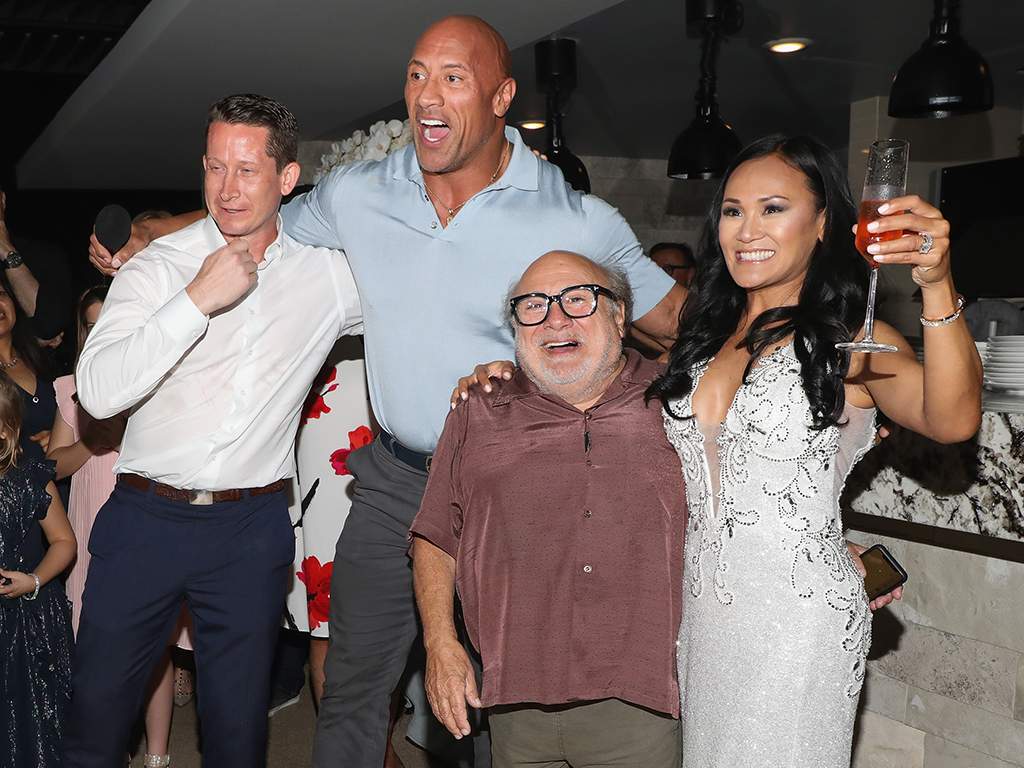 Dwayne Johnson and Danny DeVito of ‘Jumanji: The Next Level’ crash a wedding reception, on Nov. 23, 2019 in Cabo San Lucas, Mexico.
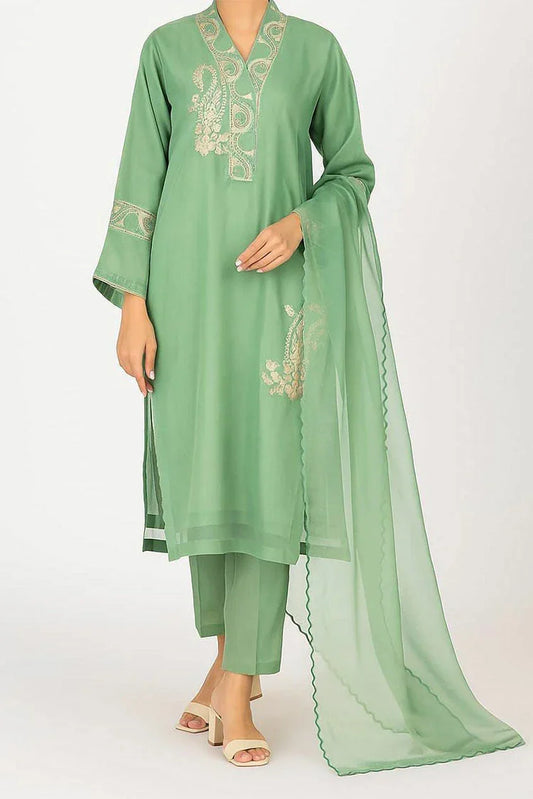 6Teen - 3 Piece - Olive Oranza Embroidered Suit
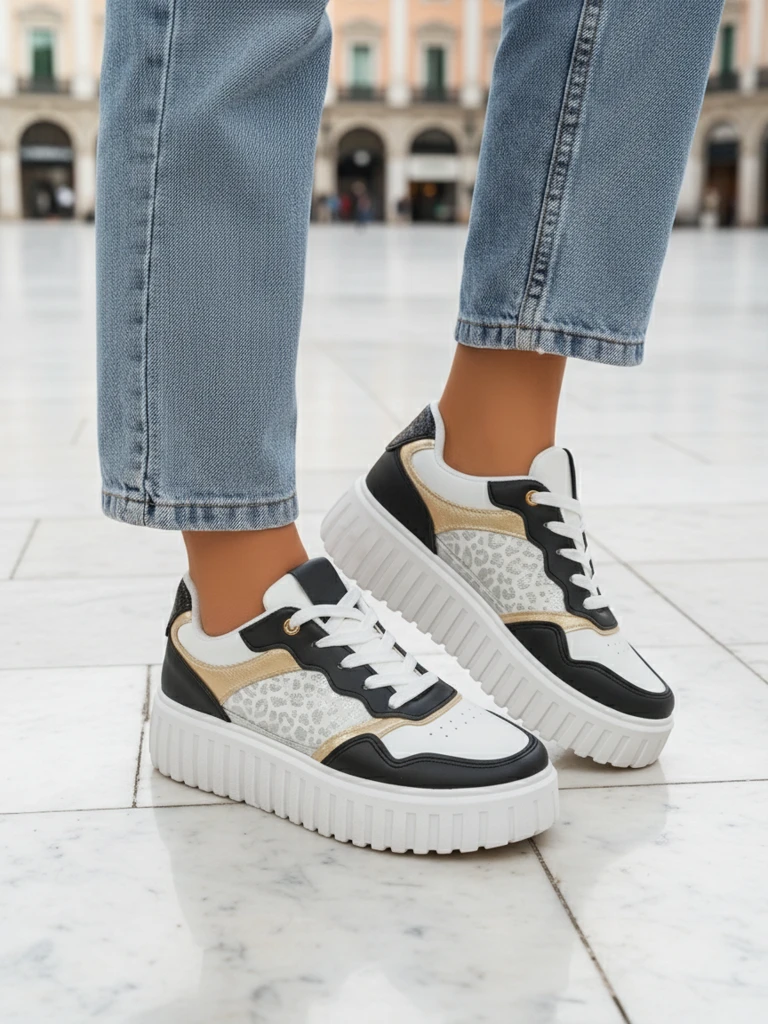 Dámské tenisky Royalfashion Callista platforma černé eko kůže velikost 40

◆ ◆ ◆ ◆ ◆ ◆ ◆

Required work: Repeat each line of the material exactly, and drop any image it carries.

Solution below:
 Dwayne Johnson and Danny DeVito of ‘Jumanji: The Next Level’ crash a wedding reception, on Nov. 23, 2019 in Cabo San Lucas, Mexico.
 6Teen - 3 Piece - Olive Oranza Embroidered Suit
 Dámské tenisky Royalfashion Callista platforma černé eko kůže velikost 40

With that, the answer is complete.